Children's baseball tournament on TV

The Little League World Series is broadcast on television by ABC and ESPN, along with their family of networks. They also televise the regional championships, which precede the Little League World Series.

== Broadcast history ==
The ABC television network began televising a tape-delayed Little League World Series Championship Game on an annual basis in 1963. From 1965 to 1985, the championship game was broadcast during the weekend, airing under ABC's Wide World of Sports umbrella.

In 1982, Entertainment and Sports Programming Network (ESPN) began expanding their cable television network through increased coverage of sports entertainment on a global scale. During this time, ESPN's brand and its family of networks, began covering the Little League World Series games in a greater capacity. A total of 12 games were televised by the network in 2000, resulting in nationwide popularity of the game, which provided opportunities to expand the total number of teams from eight to 16.

In 2001, ESPN covered all eight U.S. regional championships. This was as a result of a second stadium, Volunteer Stadium, which allowed games to take place simultaneously. Also that year, ABC began televising the U.S. Championship Game. That year, ESPN aired a total of 25 games. In 2003, ABC, ESPN, and ESPN2 carried a total of 35 games including regional championships. All games aired on any ESPN network are also available via Internet streaming on ESPN3.

One of the most prominent announcers was Harold Reynolds. Former major league baseball player and color commentator Tony Gwynn referred to him as "the Pied Piper of Little League baseball." Some of the game broadcasters and play-by-play commentators have included sportscasters Al Michaels and Brent Musburger, American sports journalist Jim McKay, and former major league baseball players Cy Young Award and World Series MVP Orel Hershiser, and Hall of Fame baseball players Johnny Bench, Mickey Mantle and Jim Palmer. The 2026 announcers will be Joe Buck, Todd Frazier, David Ross with Jeff Passan and Kris Budden.

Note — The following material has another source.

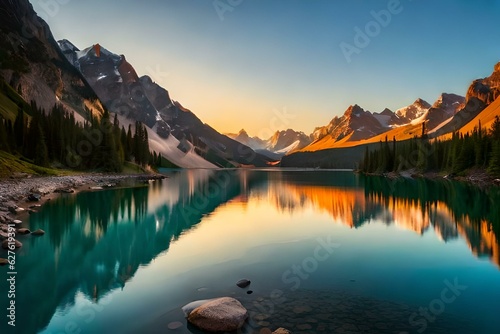 sunrise over the lake generative by Al technology   © Usama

== Programming successes ==
The Poynter Institute was hired by ESPN to write about their programming, from an outsider's perspective. This blog became known as The Poynter Review Project. The report concludes that the Little League World Series is a good thing for ESPN, fans, and the players.

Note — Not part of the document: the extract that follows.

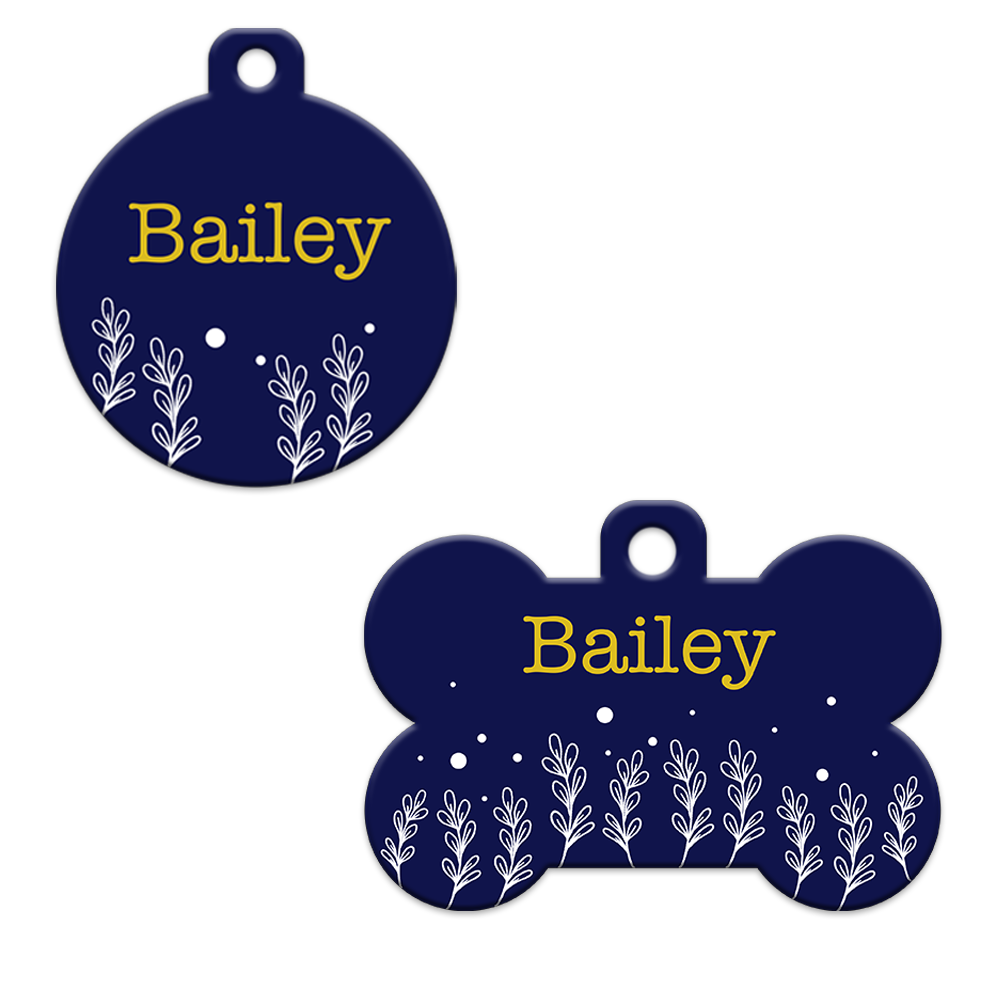 Flower Stem Design With Pet's Name On Front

The Poynter Review Project stated that there was no reason for ESPN to shy away from the fact that the kids were crying. The project maintained that crying is actually a healthy emotion, and one that boys at this age should feel comfortable expressing. Adults should use those opportunities to reinforce that these emotions are normal and healthy responses to such a moment of either disappointment or achievement. Furthermore, the project asserted that not crying during such moments is actually an unhealthy response. The project also found no evidence that these boys develop mental health issues later on in life as a result of playing in this tournament, maintaining a variety of reasons to enjoy watching these young athletes compete at the highest level.

ESPN has now gone away from trying to show kids crying due to the previous criticism they received from viewers.

== Programming concerns ==
While there has been documented successes of the Little Leagues World Series, there have also been detractors of the sports program that believe that there is too much exposure for the Little League World Series, especially the effect it has on the participants. ESPN's Tim Scanlon defended the network's coverage, "We're not trying to hide or patronize the coverage... but you don't want to sensationalize those moments. It's about the experience and the competition. It's pure. It's almost innocent."

- Exploitation of children
Bill Plaschke is a Los Angeles Times sports writer who also contributes to ESPN from time to time. He has written an article about the exploitation witnessed during a televised game of the Little League World Series. He describes in detail situations, such as children pouting in an attempt to hold themselves together in tough situations, parents yelling at the players, all which is aired in what can be perceived as an exploitation of their situations, for which there are many examples of in television. Plaschke says the blame is not on the networks, but on the Little League itself because if ESPN or ABC did not show the games then some other network would. Plaschke also said we just don't need to see it, and they don't need us to see it. Cameras do not help already tense situations, arbitrarily deter from what matters, and unjustly exploit. The cameras change everything for kids who just aren't ready for it. He brings up the point that no other league exploits their kids at such an early age. Most of these kids are between the age of 11–12. The earliest you see football and basketball stars are High school, and you cannot see hockey stars till college. A lot of this may have to do with popularity, and money, but that is why Plaschke blames the League the most for this.

The pressures of these kids often mirror those of a major league baseball team on any given day. Most days kids are playing in front of crowds of 45,000 people who are hanging onto their every pitch. Many of the star pitchers are throwing about 200 pitches on short rest, a practice not seen within Major League Baseball.

The pressure is not limited to the fans at the park. According to Biz of Baseball the 2009 had 1.56 million viewers. This was a 60% increase from the year before.